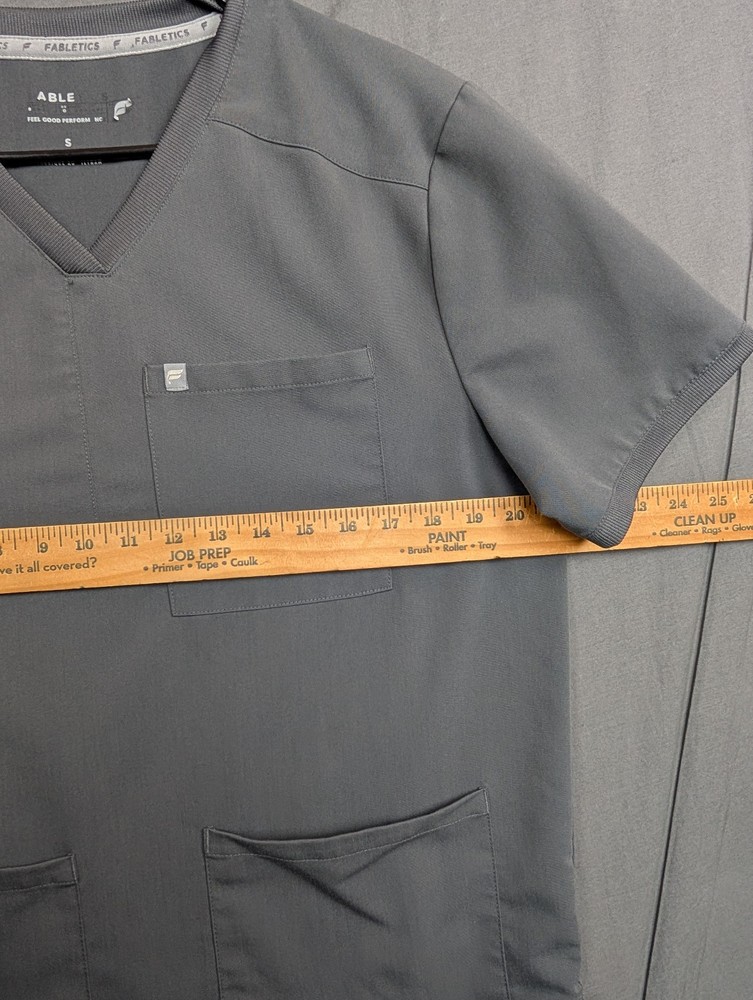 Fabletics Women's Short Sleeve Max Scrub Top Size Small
-*-
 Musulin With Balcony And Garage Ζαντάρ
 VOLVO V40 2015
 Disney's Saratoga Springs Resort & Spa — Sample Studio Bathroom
-*-
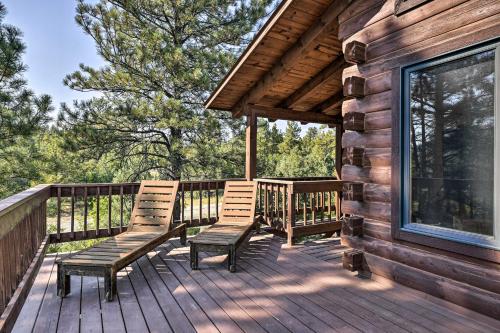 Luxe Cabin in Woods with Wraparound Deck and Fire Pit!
-*-
▶ **PROBLEM REQUIREMENTS**
Output, from the data above, the lines from the line with "Musulin With Balcony And Garage Ζαντάρ" to the line with "Disney's Saratoga Springs" exactly as they stand, both ends included and nothing else.

▶ **PROBLEM SOLUTION**
 Musulin With Balcony And Garage Ζαντάρ
 VOLVO V40 2015
 Disney's Saratoga Springs Resort & Spa — Sample Studio Bathroom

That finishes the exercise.